Rob Masri set up Cardagin Networks in 2010 to develop an app targeted at smaller, local merchants that offered rewards to customers via smartphones and other mobile devices.

Consumers can use the Charlottesville, Virginia-based company’s app to check out details of shops, view offers, redeem coupons, earn loyalty points and collect rewards. In the store, the consumer can view any offers on their device and redeem the discount at checkout. The app is free for consumers. 


The app allows businesses to record transactions and award points when a purchase is made. The merchants can easily track redemptions per offer and consumers’ spending patterns. By late 2011 most of the 1,385 merchants using the app were giving big discounts to the 160,000 consumers who had downloaded it.


The challenge

Mr Masri believed Cardagin’s biggest potential differentiator from offline and mobile rivals was its ability to customise offers to consumers’ preferences. But to his disappointment, the way the merchants used the app was challenging Cardagin’s core business model, which was to provide sophisticated analysis that would help merchants identify and understand their best customers, and build better marketing relationships with them.

The store managers were reluctant to provide discounts to their most loyal customers because they assumed the regulars would visit anyway. Instead, they were using discounts to attract new customers or to win less loyal customers.

The strategy

Mr Masri set about persuading stores that the app was more than an online gimmick. He argued that simply being exposed to the marketing messages that accompanied coupons helped persuade consumers to buy products even if they did not redeem the discount offer. To try to measure this “exposure effect”, he stressed the importance of tracking every customer visit.

What happened

Cashiers were encouraged to ask all customers if they were on the loyalty programme – the Cardagin network – and whether they would like to record their purchases in order to earn reward points and future offers.
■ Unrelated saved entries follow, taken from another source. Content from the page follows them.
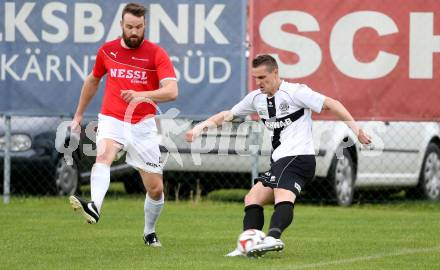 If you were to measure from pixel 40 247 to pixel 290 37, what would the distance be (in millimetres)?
5833

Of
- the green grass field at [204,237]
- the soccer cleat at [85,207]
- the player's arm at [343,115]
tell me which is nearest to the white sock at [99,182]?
the soccer cleat at [85,207]

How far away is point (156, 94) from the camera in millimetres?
10352

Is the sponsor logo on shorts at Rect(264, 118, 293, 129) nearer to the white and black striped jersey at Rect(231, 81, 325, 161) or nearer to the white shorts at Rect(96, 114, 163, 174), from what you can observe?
the white and black striped jersey at Rect(231, 81, 325, 161)

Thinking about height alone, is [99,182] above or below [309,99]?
below

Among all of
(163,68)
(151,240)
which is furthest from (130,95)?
(151,240)

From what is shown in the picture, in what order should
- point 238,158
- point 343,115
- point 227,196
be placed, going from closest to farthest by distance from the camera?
point 343,115 → point 238,158 → point 227,196

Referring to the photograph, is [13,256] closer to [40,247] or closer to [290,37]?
[40,247]

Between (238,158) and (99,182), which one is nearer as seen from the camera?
(99,182)

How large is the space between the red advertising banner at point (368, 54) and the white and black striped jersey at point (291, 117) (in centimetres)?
548

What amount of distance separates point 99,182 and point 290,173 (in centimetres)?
169

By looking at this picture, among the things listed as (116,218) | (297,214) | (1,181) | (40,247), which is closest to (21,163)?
(1,181)

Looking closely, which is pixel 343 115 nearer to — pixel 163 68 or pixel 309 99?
pixel 309 99

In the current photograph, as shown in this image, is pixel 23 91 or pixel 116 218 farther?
pixel 23 91

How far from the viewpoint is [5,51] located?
52.2 feet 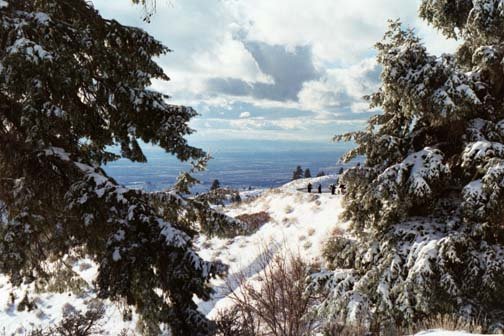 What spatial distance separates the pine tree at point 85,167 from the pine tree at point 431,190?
13.0ft

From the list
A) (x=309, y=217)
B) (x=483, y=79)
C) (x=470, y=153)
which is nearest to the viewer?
(x=470, y=153)

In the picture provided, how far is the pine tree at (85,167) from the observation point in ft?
13.7

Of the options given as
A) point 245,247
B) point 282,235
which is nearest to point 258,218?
point 282,235

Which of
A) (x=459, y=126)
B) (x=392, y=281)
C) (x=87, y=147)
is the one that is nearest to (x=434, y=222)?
(x=392, y=281)

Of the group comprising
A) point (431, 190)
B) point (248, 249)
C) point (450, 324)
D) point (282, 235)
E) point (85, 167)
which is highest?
point (85, 167)

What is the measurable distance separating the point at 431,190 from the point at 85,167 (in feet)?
21.5

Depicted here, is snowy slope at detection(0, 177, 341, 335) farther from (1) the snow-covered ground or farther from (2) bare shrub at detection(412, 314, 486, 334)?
(2) bare shrub at detection(412, 314, 486, 334)

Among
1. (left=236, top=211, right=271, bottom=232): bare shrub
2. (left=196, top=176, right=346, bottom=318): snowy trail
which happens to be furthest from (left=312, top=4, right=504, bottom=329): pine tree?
(left=236, top=211, right=271, bottom=232): bare shrub

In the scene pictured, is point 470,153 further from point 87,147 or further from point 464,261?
point 87,147

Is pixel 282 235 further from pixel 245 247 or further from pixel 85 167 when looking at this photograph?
pixel 85 167

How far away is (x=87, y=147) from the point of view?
699 centimetres

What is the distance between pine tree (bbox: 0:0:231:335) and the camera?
418 cm

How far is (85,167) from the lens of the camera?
5.00 meters

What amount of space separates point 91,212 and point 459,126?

Mr Masri organised simple brochures that explained how consumers could earn points each time they made a purchase and outlined the benefits.

Cardagin also simplified the interface of the app so that consumers could quickly access their loyalty code and merchants could easily scan the consumer’s code.

The outcome

Tracking every purchase allowed Cardagin and the merchants to analyse consumer preferences and the effects of offers. For example, one coffee shop owner was able to see quickly and easily that an offer of a free drink was redeemed by more than 500 shoppers in a week, while a 99 cents discount was redeemed by 300.

The owner gained extra revenue of more than $1,000. More important, the app revealed that more than 40 per cent of customers who redeemed the offer returned over the next four weeks, compared with 10 per cent of the redeemers of the 99 cents price-reduction offer.

When Cardagin and the merchants monitored purchasing and redemption patterns they found many customers did not redeem the coupon but still continued to visit the store, and a signifcant percentage of those non-redeemers increased their purchases.

The lessons

Cardagin wanted to show local retailers the longer-term, deeper value of its technology. In other words, it had to do more than merely sell or market a product; it also had to educate shop owners unfamiliar with apps in how to use such technologies to get the most out of them.

For any business, this means working with clients to help them understand the new context, and providing hard evidence on any new process would have a positive effect on the bottom line.